En réalité, l’ on pourrait bien affirmer que l’éducation du Rwandais au patriotisme devrait être facile car le patriotisme était une réalité vécue dans la société rwandaise traditionnelle d’avant la colonisation et l’évangélisation du Rwanda. Ainsi sa réanimation sera une : »sorte de rééducation qui recrée cette conscience d’unité, de solidarité, ressuscite les réflexes et les dispositions psychologiques de famille. Tout Rwandais doit retrouver sa fierté comme au temps où tous nos concitoyens étaient abrités sous le même bouclier, derrière un même chef pour donner des leçons utiles à nos agresseurs. Aujourd’hui, l’agresseur le plus redoutable est celui qui nous fait croire que le bonheur des uns exige l’exclusion des autres » ( B. MUZUNGU, ‘‘Présentation du numéro’’, Cahiers Lumières et Société, n°17, Mars 2000, p. 3).
Si les Rwandais retrouvent ce sentiment d’amour et de fierté envers leur chère nation et leurs chers compatriotes, sans exclusion ni ségrégation, le Rwanda, comme nation, retrouvera cette unité et cette cohésion qui ont, pendant un bon bout de temps, fait défaut ou qui ont été piétinées soit par des étrangers ( époque coloniale), soit par certains des Rwandais ( auteurs des divers massacres et du génocide de 1994).
Par ailleurs, dans la société rwandaise, les atouts pour la réanimation rapide de cette valeur du patriotisme ne manquent pas: dans l’ensemble, toute la population rwandaise partage beaucoup de choses : la langue nationale ( le kinyarwanda), l’histoire multiséculaire, la culture, le territoire nationale, indistinctement occupé par les Rwandais, etc. A notre avis, il suffit justement d’avoir des autorités animées de cette intention de ressouder les liens entre les gens et de restaurer leur unité nationale séculaire pour pouvoir assister, après un certain temps, à la résurgence de la cohésion sociale et patriotique au Rwanda.
En effet, comme nous le dit Edgar Morin : »La notion de société est pensée sociologiquement en termes de gesellschaft, système constitué par les interactions matérielles, techniques et d’intérêts. Mais elle est pensée « patriotiquement » en termes de communauté ou gemeinschaft. Bien entendu, la gemeinschaft est évacuée des sociologies réductrices ( techno-économistiques) incapables de concevoir la réalité du mythe. Or, c’est le mythe communautaire qui donne à la société sa cohésion de nation. Le mythe de la substance matricielle-paternelle ( Mère-Patrie) où l’Etat assure la fonction paternelle et la nation l’enveloppement maternel, crée une fraternité mythique entre les « enfants de la Patrie ». Cette fraternité mythique est dans la vie quotidienne, récessive, refoulée, dans l’affrontement des égocentrismes et des intérêts, mais devient réelle lorsque la nation est menacée par l’ennemi » ( E. MORIN, Pour entrer dans le XXI° siècle, Editions du Seuil, Paris, 2004, p. 118).

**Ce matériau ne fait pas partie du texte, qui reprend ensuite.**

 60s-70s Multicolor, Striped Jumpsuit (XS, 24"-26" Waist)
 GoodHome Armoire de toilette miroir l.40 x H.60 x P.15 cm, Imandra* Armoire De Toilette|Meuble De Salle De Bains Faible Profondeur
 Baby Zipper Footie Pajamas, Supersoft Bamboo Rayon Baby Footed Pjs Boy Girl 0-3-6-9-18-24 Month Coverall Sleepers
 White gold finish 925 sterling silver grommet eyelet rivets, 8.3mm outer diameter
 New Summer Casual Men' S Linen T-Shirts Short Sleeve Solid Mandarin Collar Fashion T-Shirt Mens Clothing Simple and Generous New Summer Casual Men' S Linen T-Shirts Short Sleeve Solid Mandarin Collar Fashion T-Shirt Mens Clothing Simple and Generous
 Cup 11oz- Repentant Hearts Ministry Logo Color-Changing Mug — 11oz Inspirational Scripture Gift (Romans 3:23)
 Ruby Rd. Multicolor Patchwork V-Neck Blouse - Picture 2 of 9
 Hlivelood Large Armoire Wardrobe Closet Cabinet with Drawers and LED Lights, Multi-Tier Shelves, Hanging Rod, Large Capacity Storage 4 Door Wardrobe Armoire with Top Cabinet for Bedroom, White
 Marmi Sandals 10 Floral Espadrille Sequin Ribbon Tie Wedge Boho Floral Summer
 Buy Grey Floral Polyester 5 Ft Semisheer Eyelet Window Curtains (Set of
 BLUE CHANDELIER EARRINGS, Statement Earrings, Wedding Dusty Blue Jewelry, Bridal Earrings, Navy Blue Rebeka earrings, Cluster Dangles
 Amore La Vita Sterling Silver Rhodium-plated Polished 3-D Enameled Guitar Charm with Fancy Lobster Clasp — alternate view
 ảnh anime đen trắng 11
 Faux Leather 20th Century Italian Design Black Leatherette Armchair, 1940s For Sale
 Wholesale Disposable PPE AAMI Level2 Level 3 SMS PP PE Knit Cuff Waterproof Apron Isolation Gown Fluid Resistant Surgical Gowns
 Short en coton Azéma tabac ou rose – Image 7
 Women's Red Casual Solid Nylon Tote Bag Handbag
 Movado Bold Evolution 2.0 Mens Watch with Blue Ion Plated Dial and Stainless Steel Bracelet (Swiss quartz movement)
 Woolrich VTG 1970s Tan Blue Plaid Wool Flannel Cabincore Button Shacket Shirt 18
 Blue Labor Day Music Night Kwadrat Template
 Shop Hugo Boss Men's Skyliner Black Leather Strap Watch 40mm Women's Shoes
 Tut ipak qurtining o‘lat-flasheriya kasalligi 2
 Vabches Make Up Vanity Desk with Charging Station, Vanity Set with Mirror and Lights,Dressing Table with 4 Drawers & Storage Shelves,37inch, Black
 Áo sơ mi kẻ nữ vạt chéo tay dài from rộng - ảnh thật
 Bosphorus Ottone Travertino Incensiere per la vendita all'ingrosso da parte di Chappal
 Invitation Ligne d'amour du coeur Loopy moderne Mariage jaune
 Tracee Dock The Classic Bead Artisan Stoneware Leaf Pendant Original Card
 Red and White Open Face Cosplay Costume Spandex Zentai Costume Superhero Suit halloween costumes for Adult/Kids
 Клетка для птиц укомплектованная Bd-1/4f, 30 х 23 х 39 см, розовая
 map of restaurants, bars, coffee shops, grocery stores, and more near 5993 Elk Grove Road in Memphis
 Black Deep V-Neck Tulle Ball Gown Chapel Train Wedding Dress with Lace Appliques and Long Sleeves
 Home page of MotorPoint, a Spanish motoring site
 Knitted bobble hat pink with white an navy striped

Nous pensons que l’ennemi le plus redoutable des Rwandais serait, par exemple, celui qui porterait encore les uns à penser commettre des massacres de masses et/ou un génocide contre leurs compatriotes. Ainsi, pour la reconstruction et la cohésion durable da la société rwandaise, les Rwandais doivent être éduqués ou rééduqués à vivre harmonieusement dans une même nation et à réanimer leur sentiment patriotique ( Voir S. M. SEBASONI, Le Rwanda. Reconstruire une nation, Editions Rwandaises, Kigali, 2007, p. 15). D’ores et déjà, vu les diverses réalisations positives et extraordinaires qui sont observables en si peu de temps, après le génocide de 1994, et l’engagement du pays sur la voie de son redressement durable, il y a de quoi à être très optimiste quant ce qui est de l’avenir du Rwanda en tant que nation.